9. Audit the Fed and IRS reform

One of Paul's longtime positions has been to audit the Federal Reserve.

"The Fed's operations under a cloak of secrecy have gone on too long and the American people have a right to know what the Federal Reserve is doing with our nation's money supply," Paul said when he proposed an audit bill in 2013. "Audit the Fed has significant bipartisan support in Congress and across the country and the time to act on this is now."

Reform of the Internal Revenue Service is another Paul priority. One method of doing so, he has said, involves instituting a flat tax that is the same for all taxpayers, rather than a progressive or tiered tax system.

“What you’d have is an attrition if not an outright elimination of the IRS because it would be so simple that people would comply, and it would be very simple to know whether they complied or not,”
Paul said in 2013.

10. Plagiarism accusations

In late 2013, the Washington Times newspaper announced that it is ending a regular column by Kentucky Senator Rand Paul following a series of plagiarism charges against his work.

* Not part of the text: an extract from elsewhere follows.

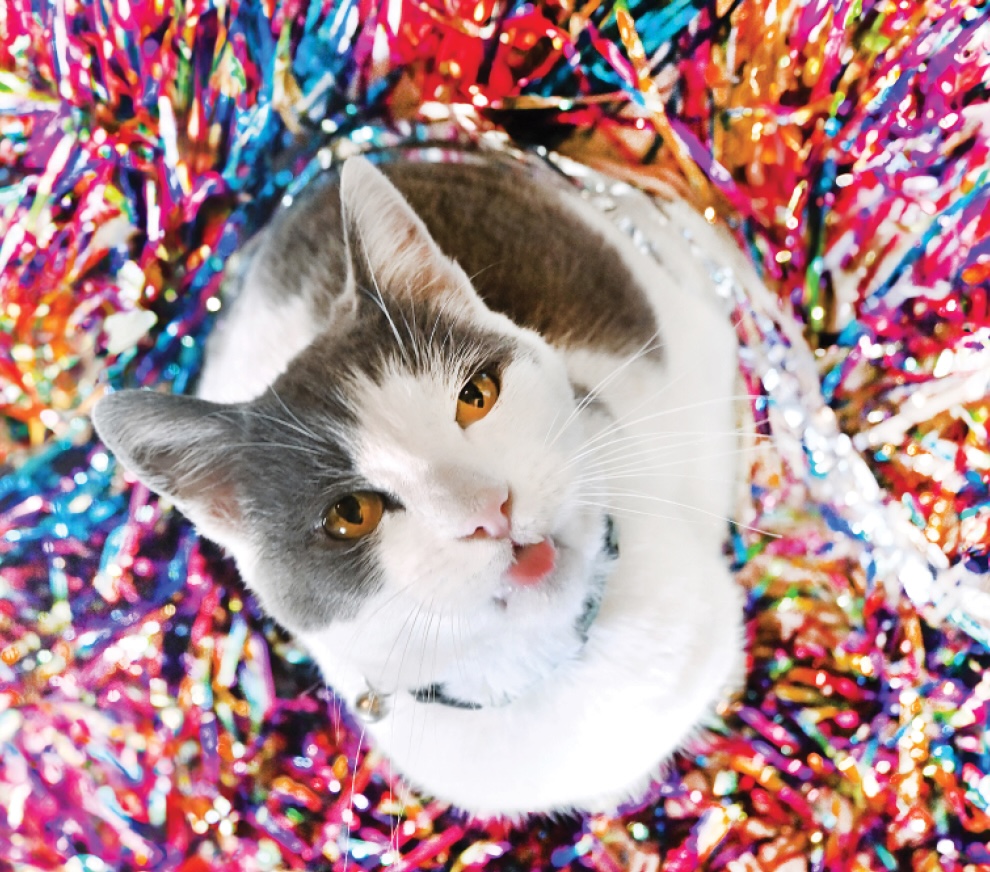 Thornton Park throws a cat-aclysmic monthlong birthday party for feline mayor LuLu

Paul was accused of not only failing to properly cite references for his written and spoken work, but also of essentially lifting passages verbatim from other sources. He took responsibility for the tainted work, saying he has staff and advisers who help him with his speeches and columns.

"Ultimately, I'm the boss, and things go out under my name, so it is my fault," he said. "I never had intentionally presented anyone's ideas as my own."